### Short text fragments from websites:
============================================================

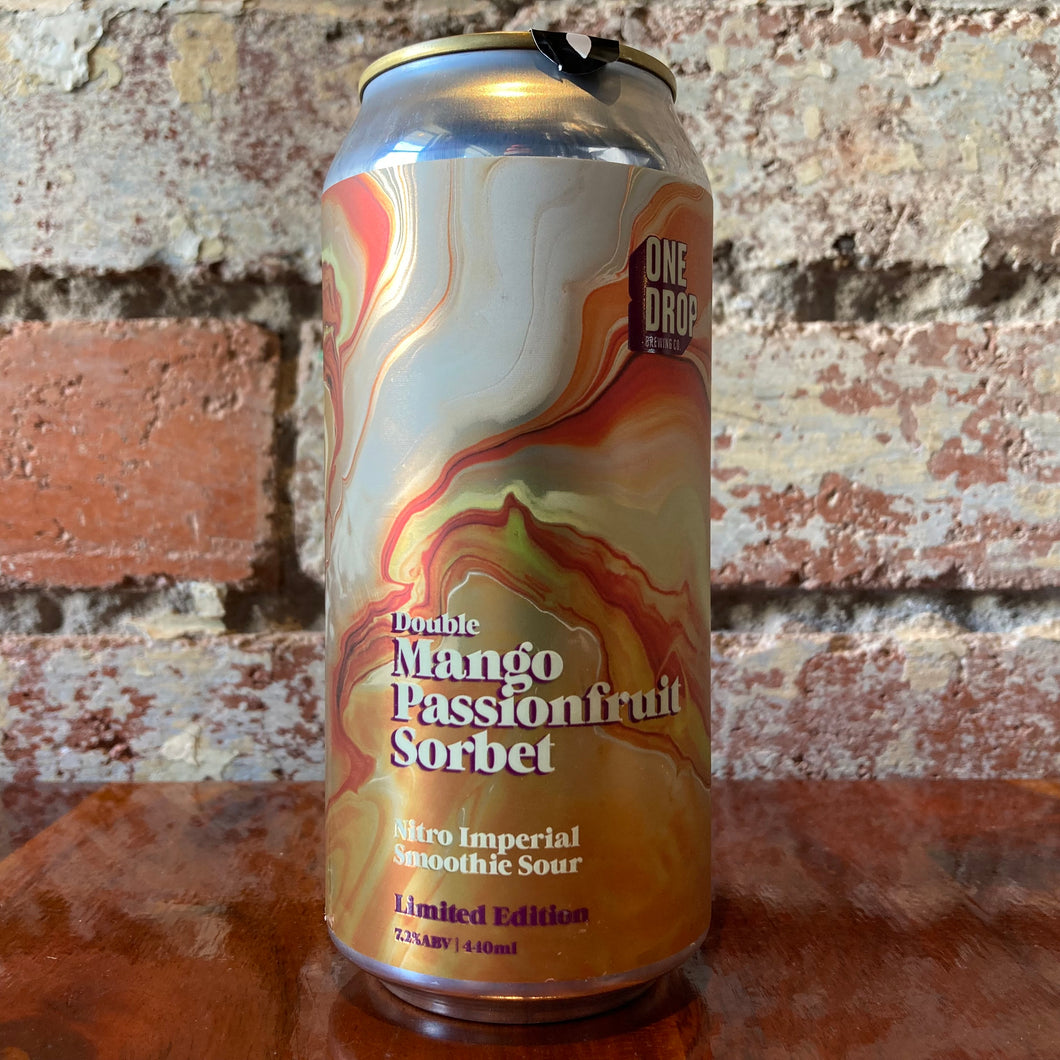 One Drop Double Mango Passionfruit Sorbet Nitro Imperial Smoothie Sour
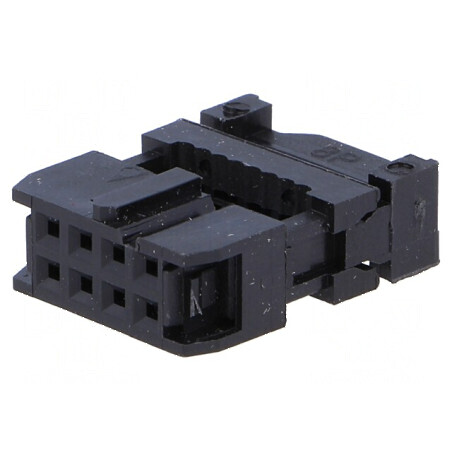 Conector IDC mufă mamă 8 pini cu presare cablu - accesorii electrice | Electronic-mag.ro | Componente Electronice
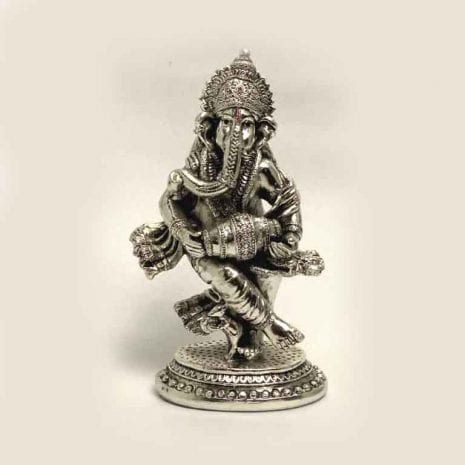 Pure Silver Ganesh Statue with Price | 7 Inch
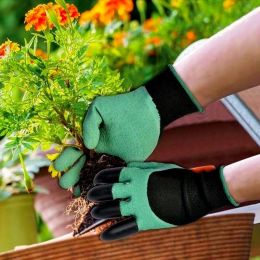 Перчатки садовые с когтями Garden Genie Gloves, вид 4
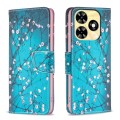 For Tecno Spark Go 2024 / 20C / POP 8 Colored Drawing Pattern Leather Phone Case(Plum Blossom)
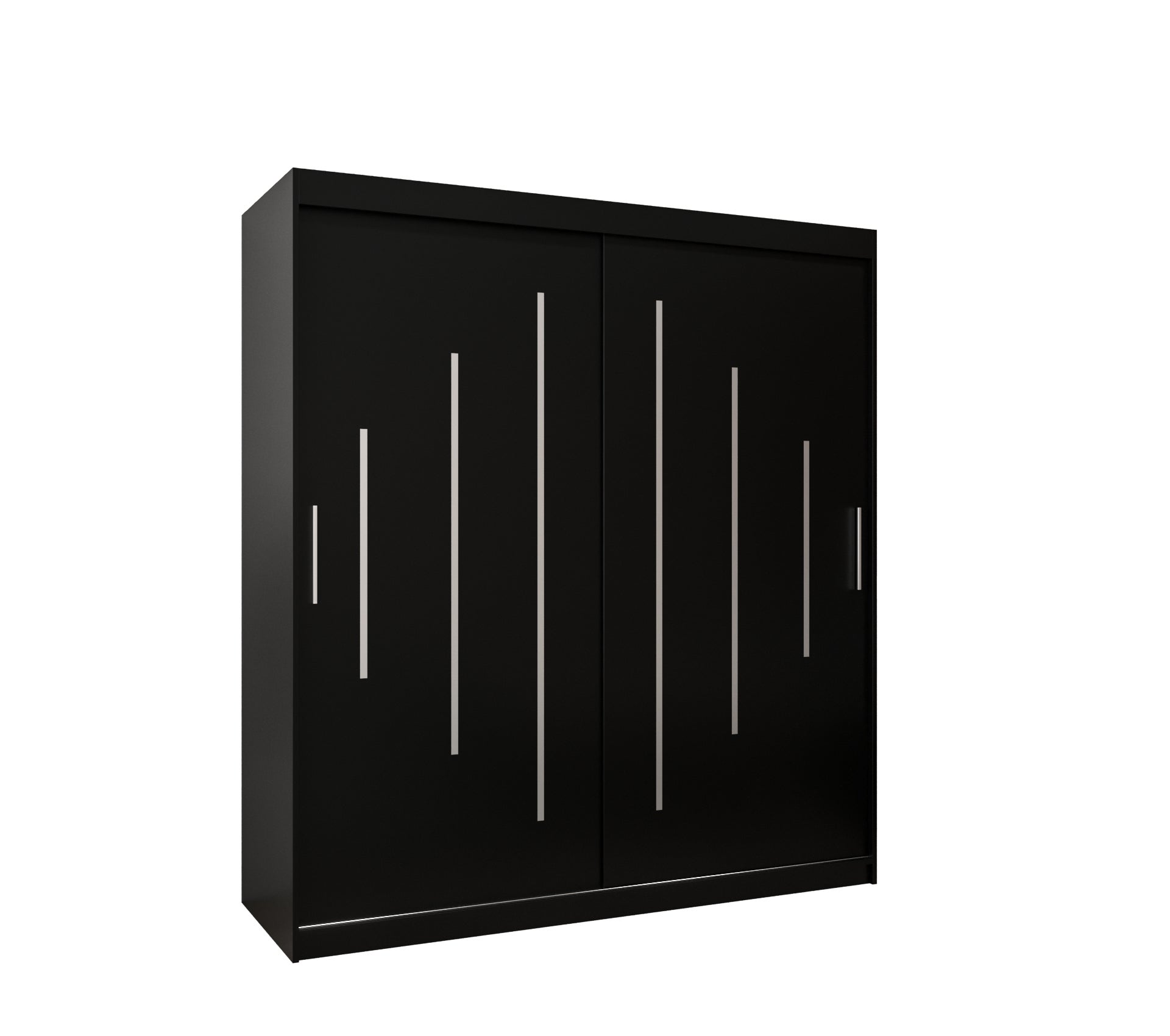 Szafa przesuwna garderoba York 180 x 62 x 200 cm Czarny - Abiks Meble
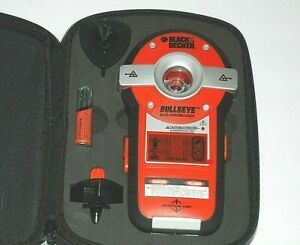 BLACK &amp; DECKER BDL190S BullsEye Auto-Leveling Laser Stud Sensor Metal Wood #1BDL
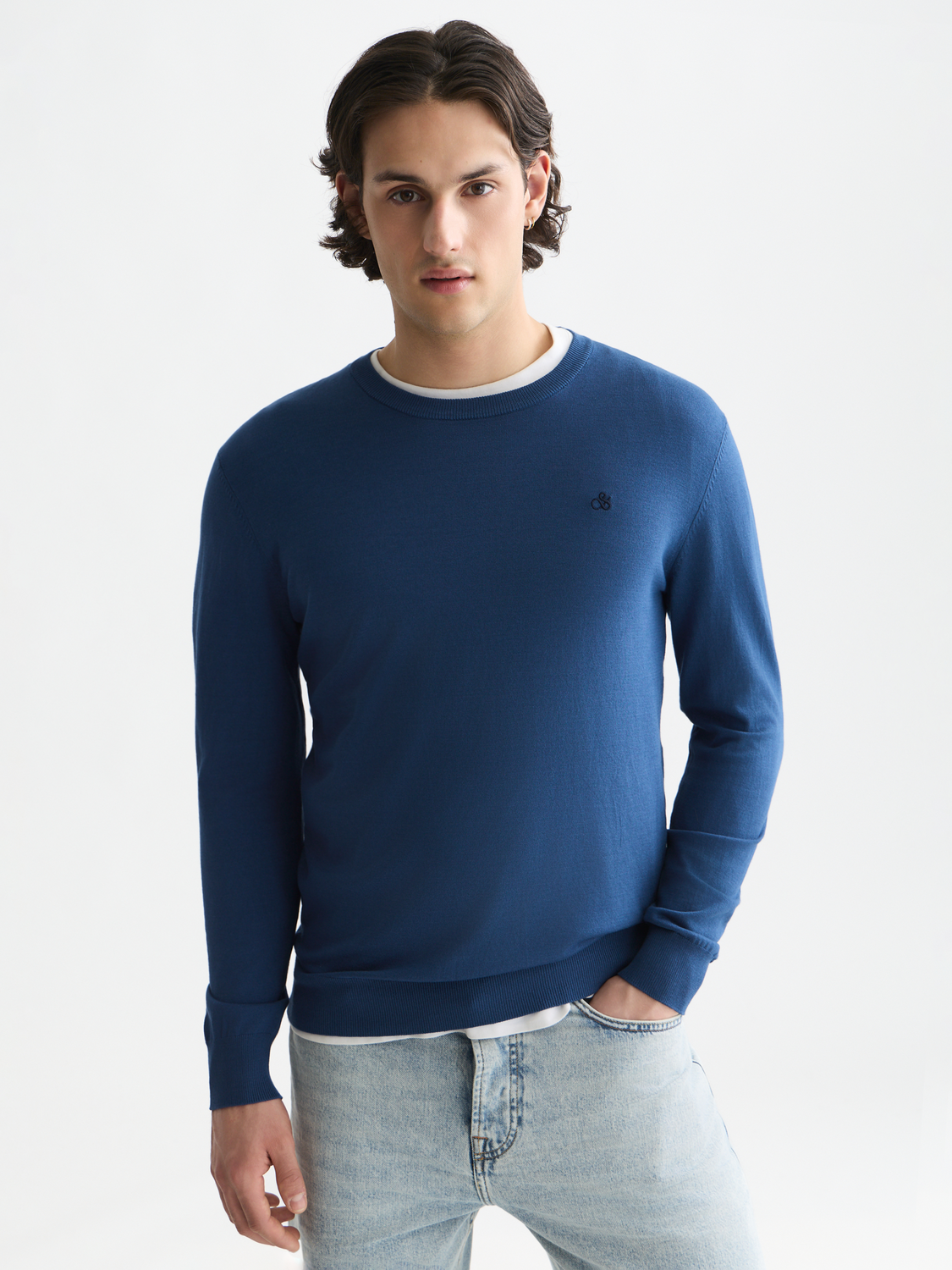 Seasonal core ecovero regular-fit pullover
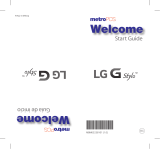 LG MS G Stylo Metro PCS Quick start guide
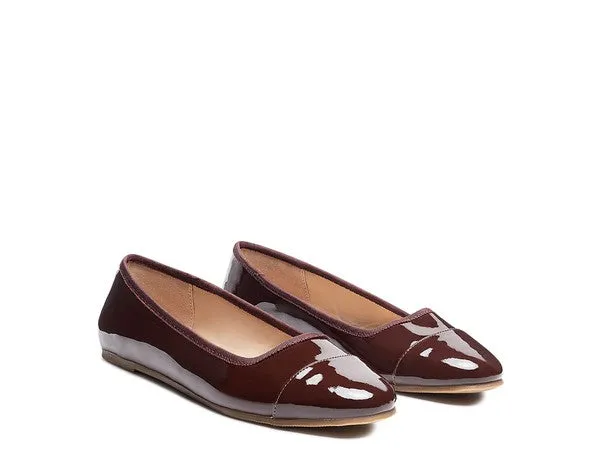 Camella Round Toe Ballerina Flat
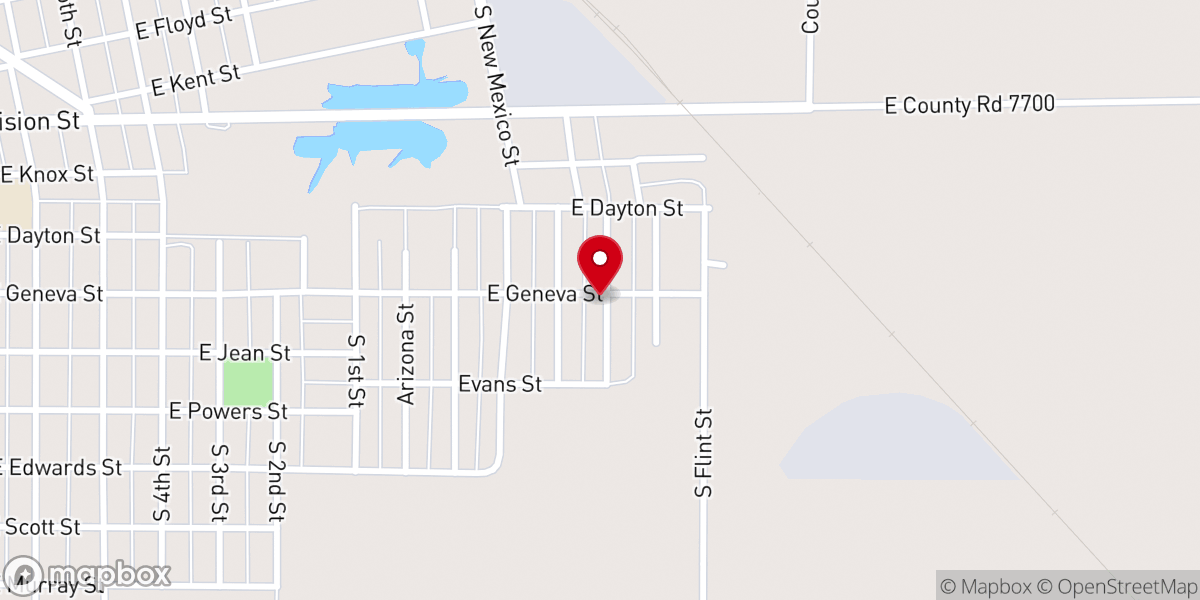 Map showing location of Triumph baptist church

============================================================

### Problem requirements:
Transcribe every line from the records above without alteration, and leave out the images.

### Solved problem:
 One Drop Double Mango Passionfruit Sorbet Nitro Imperial Smoothie Sour
 Conector IDC mufă mamă 8 pini cu presare cablu - accesorii electrice | Electronic-mag.ro | Componente Electronice
 Pure Silver Ganesh Statue with Price | 7 Inch
 Перчатки садовые с когтями Garden Genie Gloves, вид 4
 For Tecno Spark Go 2024 / 20C / POP 8 Colored Drawing Pattern Leather Phone Case(Plum Blossom)
 Szafa przesuwna garderoba York 180 x 62 x 200 cm Czarny - Abiks Meble
 BLACK &amp; DECKER BDL190S BullsEye Auto-Leveling Laser Stud Sensor Metal Wood #1BDL
 Seasonal core ecovero regular-fit pullover
 LG MS G Stylo Metro PCS Quick start guide
 Camella Round Toe Ballerina Flat
 Map showing location of Triumph baptist church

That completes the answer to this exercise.